Swiss-EU disputes could go to ‘arbitration court’, says government

Roberto Balzaretti (left), State Secretary in charge of EU negotiations, with Foreign Affairs Minister Ignazio Cassis on Monday in Bern. Keystone

The government says it is prepared to accept the establishing of a special arbitration court that would settle legal disputes arising from Swiss-EU bilateral relations.

This content was published on March 5, 2018 - 16:00

Foreign Affairs Minister Ignazio Cassis announced the government’s support for such a court on Monday in Bern, where he also gave an update on the current efforts to move along negotiations on an institutional framework agreement between Switzerland and the EU.

Currently, a diplomatic-technical “joint commission” monitors the complex ties that govern Swiss-EU relations; however, agreement is needed on a legal body that would give the last word on disputes that the commission is unable to resolve.

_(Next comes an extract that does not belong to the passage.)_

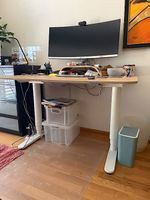 elektrisch höhenverstellbarer Schreibtisch - 120 cm x80 cm 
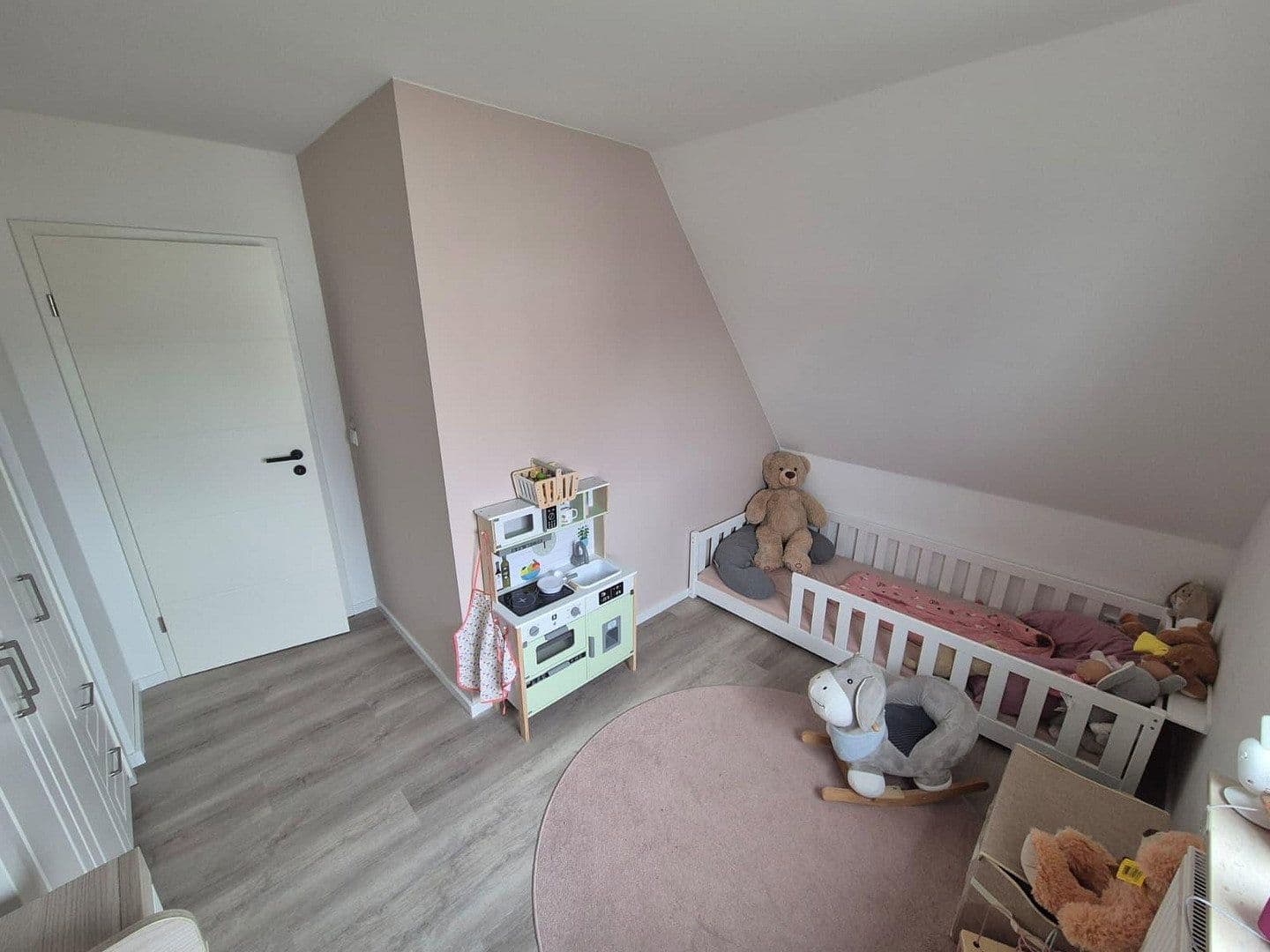 Prodej domu 143 m², pozemek 683 m², Linkenheim-Hochstetten, Bádensko-Württembersko Prodej domu 143 m², pozemek 683 m², Linkenheim-Hochstetten, Bádensko-Württembersko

The idea of an arbitration court was first suggested in January by Brussels, who reportedly see it as a means of circumventing Swiss reluctance to allow the European Court of Justice (ECJ) make rulings on relations.

Any EU body with such power has proven controversial in Switzerland, particularly on the political right, who fear a loss of sovereignty to such “foreign judges”.

Cassis did not provide further details on what such an arbitration court would look like, saying that all remained open. In January, the NZZ newspaper cited sources which said that the proposed panel could consist of three members, with each side naming one judge and the third being chosen by mutual consent.

‘Not an objective in itself’

The government also reiterated that the institutional framework agreement demanded by Brussels only applies to five of the 120 patchwork bilateral accords between Switzerland and the EU: the free movement of people, mutual recognition of standards, agricultural products, air transport, and ground transport.

The government also stated that the framework agreement – which Cassis said he was confident about finalising by the end of 2018 – “is not an objective in itself, but rather an instrument allowing an efficient management of the five bilateral agreements concerned”.

Negotiations continue in parallel to reach agreements on areas including financial equivalence, research cooperation, data-sharing in the context of the Galileo space programme, public health cooperation, and the electricity market.

The European Commission and most of the political parties in Switzerland reacted positively to Cassis' statements on Monday. The conservative right People's Party, however, criticised the government for bowing to Brussels will, and called once again for the planned institutional framework agreement to be scrapped.

Swiss press reaction

"Switzerland now finally seems to have a plan for what it wants in European politics," the Neue Zürcher Zeitung (NZZ) noted. The Tages-Anzeiger and Der Bund were more cautious: What the Federal Council decided and presented on Monday "is not a new start, but an adjustment of the negotiating mandate". The French-speaking papers 24heures and La Tribune de Genève were more critical. The "reset" of Cassis is merely a "marketing gimmick", they wrote. La Liberté accused Foreign Minister Ignazio Cassis of putting new wine into old bottles. 

The commentary in the Tages-Anzeiger and Der Bund believe that the arbitration court model is an "acceptable way" for both sides. However, the anti-European Swiss People’s Party – the largest in parliament - will fight any such agreement to defend Switzerland's independence. The NZZ also remains sceptical saying that the arbitration model is not a magic formula to solve all problems. As is often the case, the devil lies in the details. 

The Tages-Anzeiger and Der Bund said the decisive factor for the government is to win acceptance of its strategy from the other major political parties.